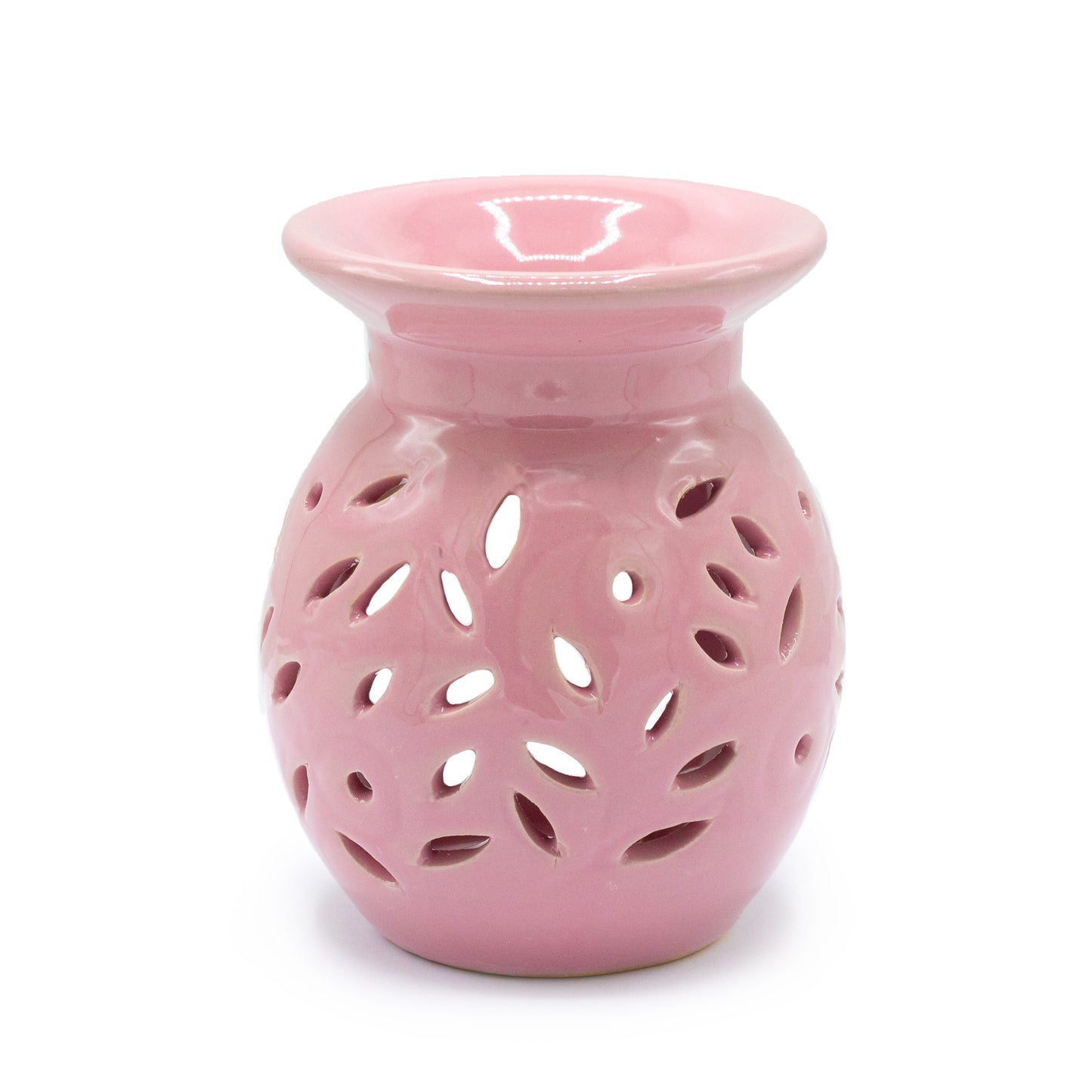 Carefully sourced by The Original Candle Company, this vibrant pink floral oil burner showcases a delicate cut-out bloom design, bringing warmth and elegance to any space. Perfect for diffusing essential oils or melting wax, it enhances home ambience with a cheerful, botanical touch.
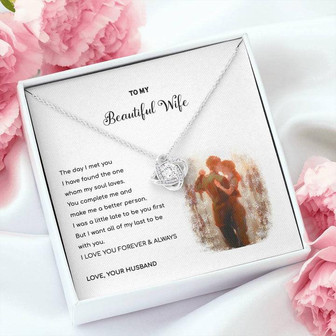 You Are My Last - Love Knot Necklace - Thegiftio UK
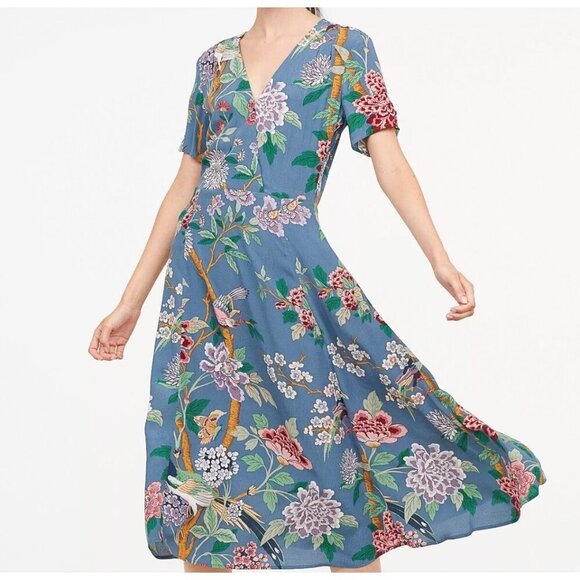 GP&J Baker X H&M Floral Dress 10 NWT - Picture 3 of 8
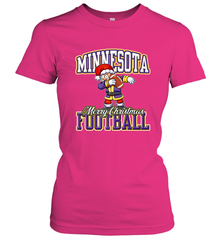 NFL Minnesota Christmas Funny Dabbing Santa playing football Women's T-Shirt Women's T-Shirt - jonhlittlestore88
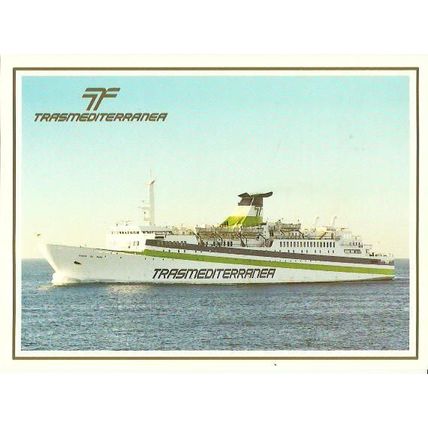 Trasmediterranea MV CIUDAD DE PALMA Company Postcard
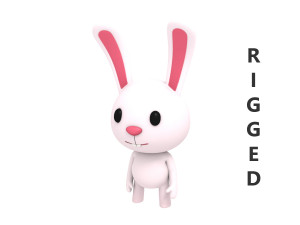 rigged rabbit Modello 3D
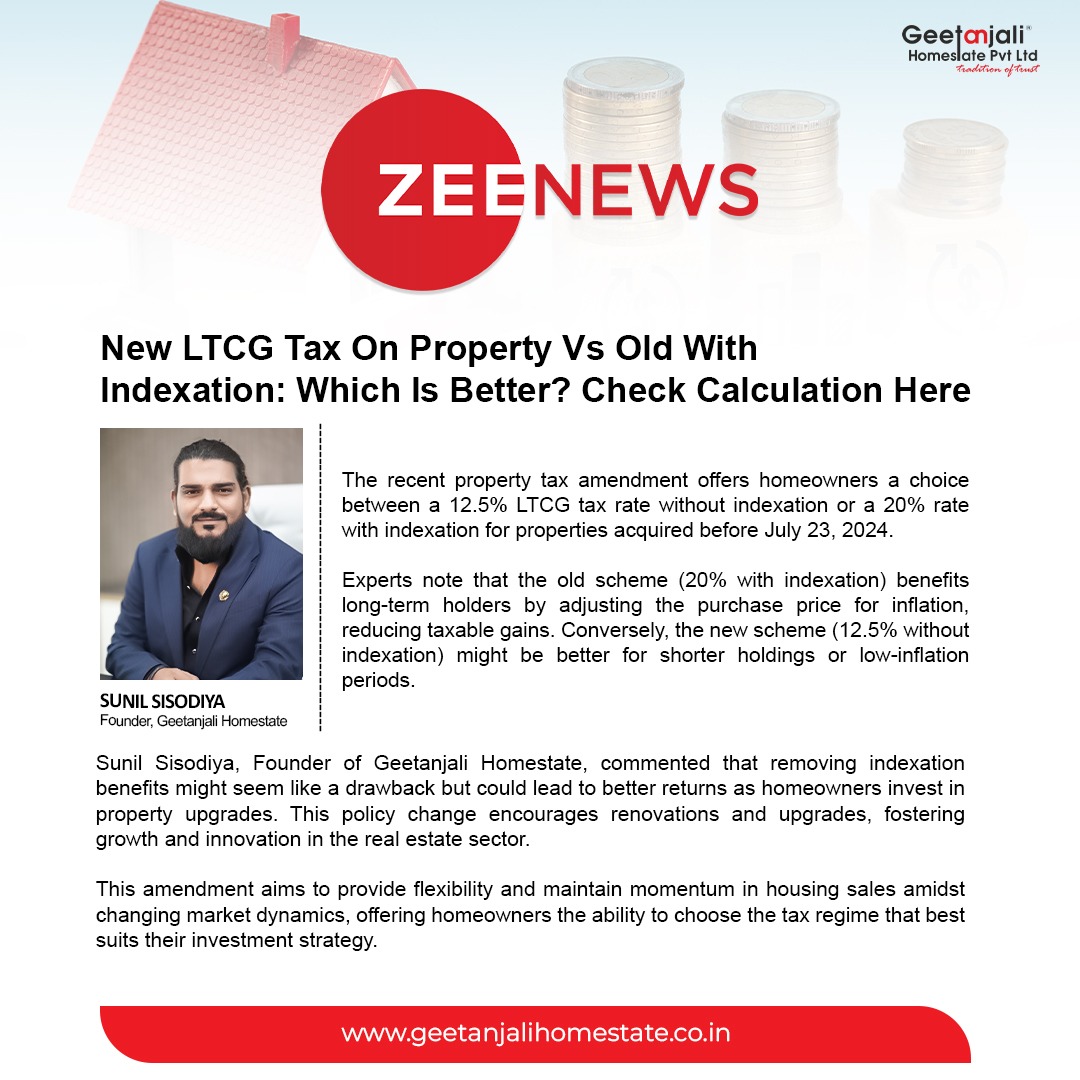 New LTCG Tax On Property Vs Old With Indexation: Which Is Better? Check Calculation Here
----------------
**Directions for this task:** Once the pictures are removed, return the entries exactly as they stand.

**Completed task:**
 Carefully sourced by The Original Candle Company, this vibrant pink floral oil burner showcases a delicate cut-out bloom design, bringing warmth and elegance to any space. Perfect for diffusing essential oils or melting wax, it enhances home ambience with a cheerful, botanical touch.
 You Are My Last - Love Knot Necklace - Thegiftio UK
 GP&J Baker X H&M Floral Dress 10 NWT - Picture 3 of 8
 NFL Minnesota Christmas Funny Dabbing Santa playing football Women's T-Shirt Women's T-Shirt - jonhlittlestore88
 Trasmediterranea MV CIUDAD DE PALMA Company Postcard
 rigged rabbit Modello 3D
 New LTCG Tax On Property Vs Old With Indexation: Which Is Better? Check Calculation Here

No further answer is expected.